Motorcycle taxi drivers are predominantly young men who were child soldiers and conflict-affected youth during the Liberian civil wars. As part of his multi-year project, ‘Motorcycling as Peacebuilding in Liberia’, Dr McMullin has previously worked to introduce cyclist-designed, participatory activities to reduce social inequality and support the economic livelihoods of young people, including through community and police dialogue and conflict resolution aimed at targeted violence reduction in urban and semi-urban areas.
Following continued unsolved murders of cyclists and recent mob violence in eastern Liberia blamed on motorcyclists, cyclist and police groups approached Dr McMullin and P4DP with an urgent request to convene additional police-cyclist dialogue groups to reduce violent tensions. The dialogue groups bring youth and the police together to settle grievances peacefully, reduce social stigma of marginalised youth, and support their livelihood activities.
Building on previous successful efforts to reduce stigma of conflict-affected youth in Liberia, the project aimed to combat police brutality and reduce violence between police and young Liberians engaged in the motorcycle taxi sector, which is the largest employer of young people in Liberia. Successful dialogue groups also convened in areas around the capital city of Monrovia that had also experienced recent police-cyclist violence. In total, the project convened five dialogue groups in Montserrado and Margibi counties, and a further seven in eastern Liberia.

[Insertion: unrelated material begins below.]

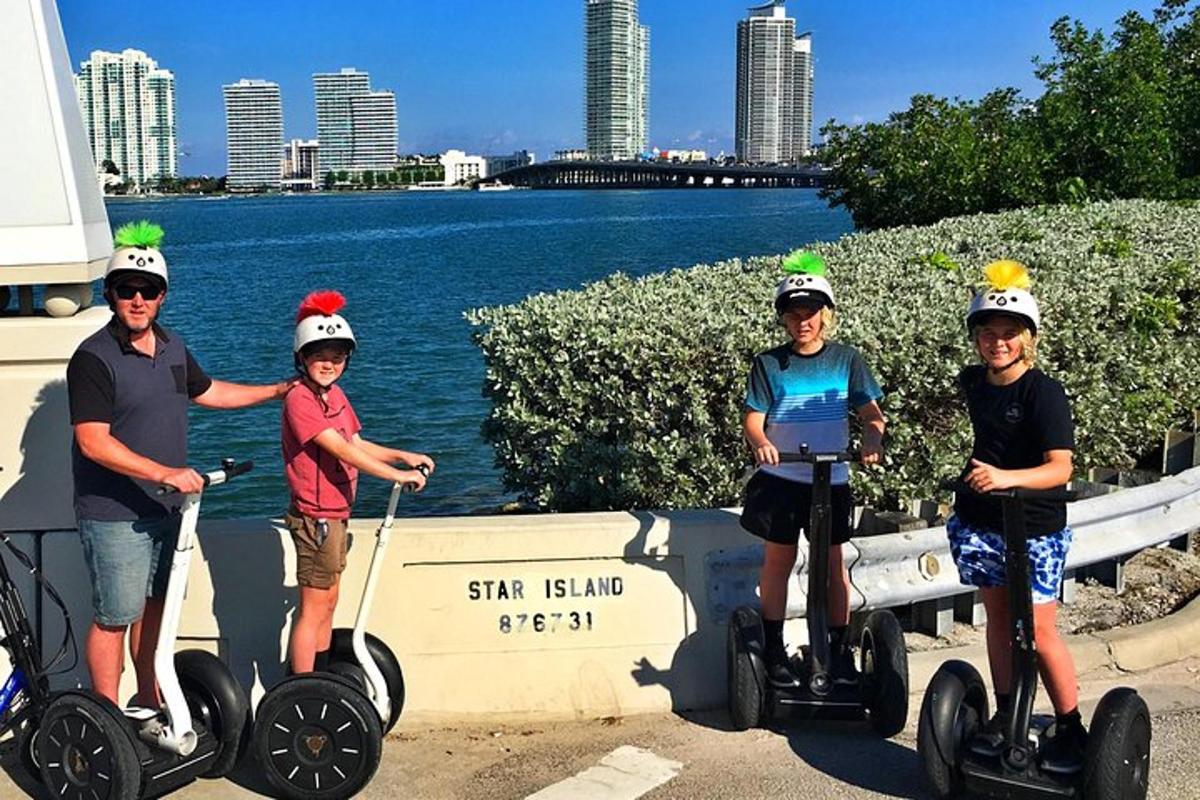 một nhóm người đi xe segway dọc bờ nước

While they continue to earn their living through bike riding, violent street confrontations between cyclists and police have continually recurred since the war. This violence has followed increased armed police presence in communities to enforce new road restrictions that cyclists perceive as unfair and politically motivated. In addition, cyclists are often themselves the target of violence because of their perceived low social status, and this often goes unsolved. Initially peaceful protests objecting to police inaction then escalate to more violent action. A very similar pattern has occurred across most of the areas where the project decided to innovate this dialogue-based method.
Dr McMullin and P4DP partners, led by Executive Director Jams Suah Shilue, have structured the groups around conflict resolution training and guided dialogue, using expert facilitators from P4DP and other community partners to convene cyclist youth, police, and other community members in at-risk communities. The project has built community and institutional capacity through these dialogue groups, which has resolved ongoing disputes successfully and peacefully in target areas. The groups also build sustainable and supportive relationships between cyclists and police that help to peacefully manage new problems when they emerge.